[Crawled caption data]
◆ ◆ ◆ ◆ ◆ ◆ ◆
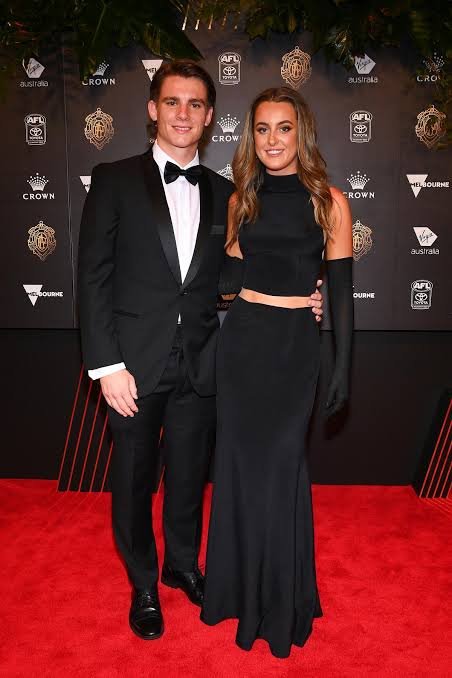 SHOCKING ANNOUNCEMENT: In the wake of a deeply personal announcement from Fremantel Dockers midfielder Caleb Serong and his Girlfriend fiancée, Chloe Furnari recently shared news regarding their personal circumstances, prompting a wave of empathy and encouragement from across the Australian Football League AFL. In a brief statement, the couple thanked supporters for their kindness and asked for privacy as they…..see more.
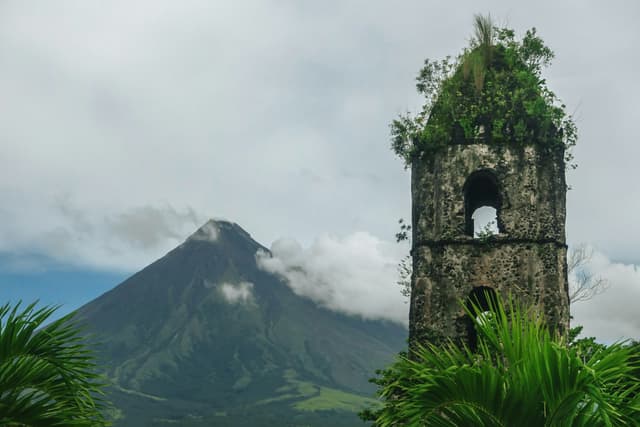 img3-https://unsplash.com/photos/mayon-volcano-albay-philippines-during-daytime-Z5xHpUH9o8Y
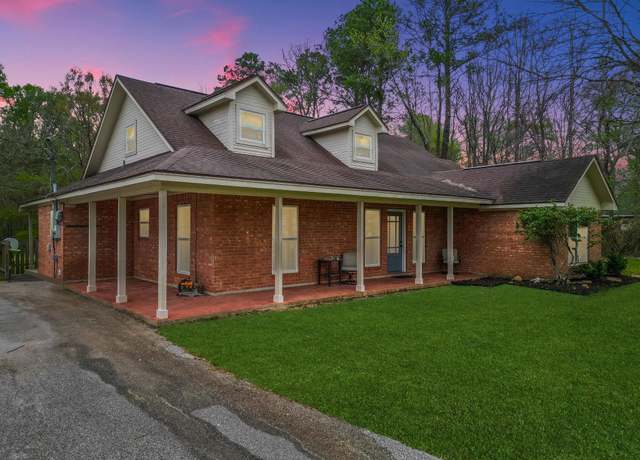 Property at 310 Medford, Vidor, TX 77662, 4 beds, 3 baths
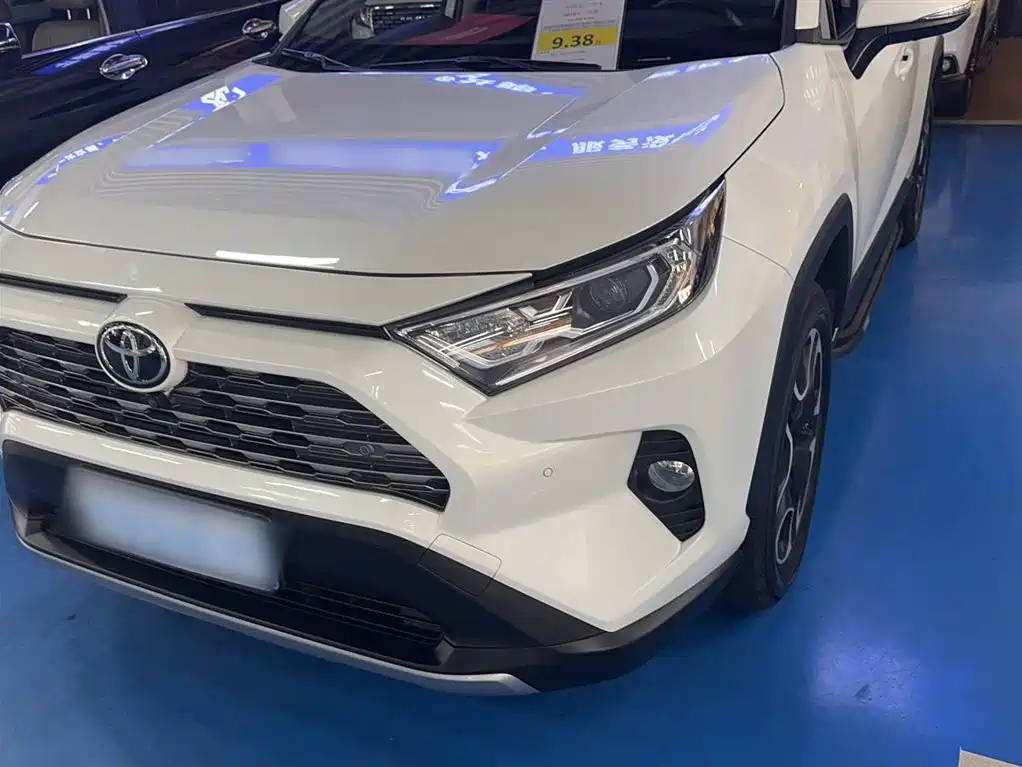 Toyota RAV4 Rongfang 2020 2.0L CVT 2WD Prestige Edition фото 3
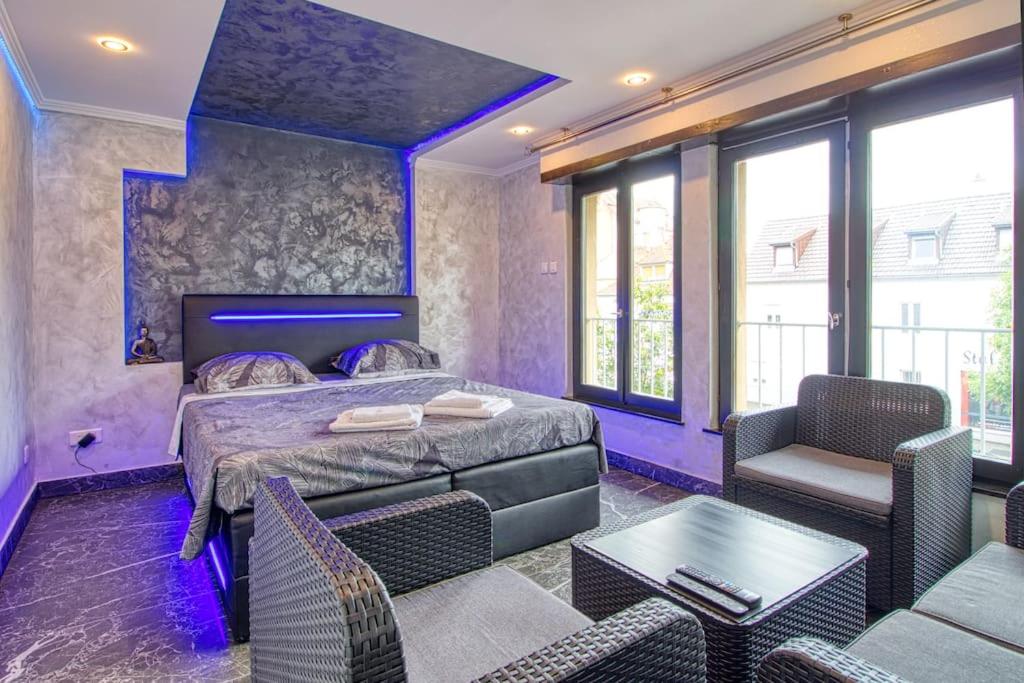 Appart Hotel avec Sauna, Jacuzzi, - Housity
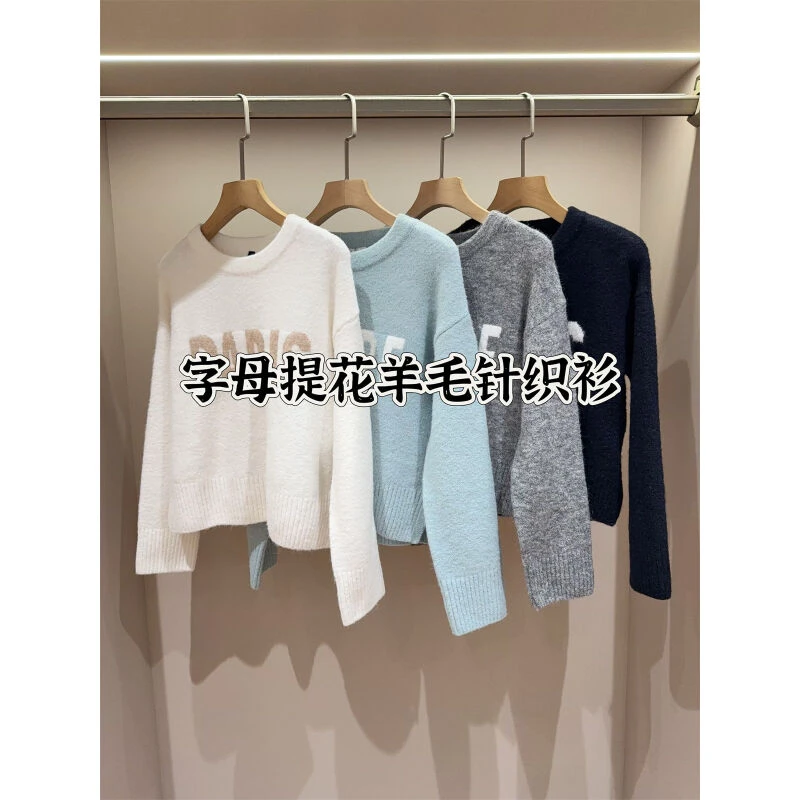 今年最新款  圆领字母提花下摆开衩柔软针织毛衣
◆ ◆ ◆ ◆ ◆ ◆ ◆
Exercise requirements |
I would like the lines from the one with "Appart Hotel avec Sauna, Jacuzzi, - Housity" through the last line of the data above retyped exactly, with pictures left out, please.

Written response |
 Appart Hotel avec Sauna, Jacuzzi, - Housity
 今年最新款  圆领字母提花下摆开衩柔软针织毛衣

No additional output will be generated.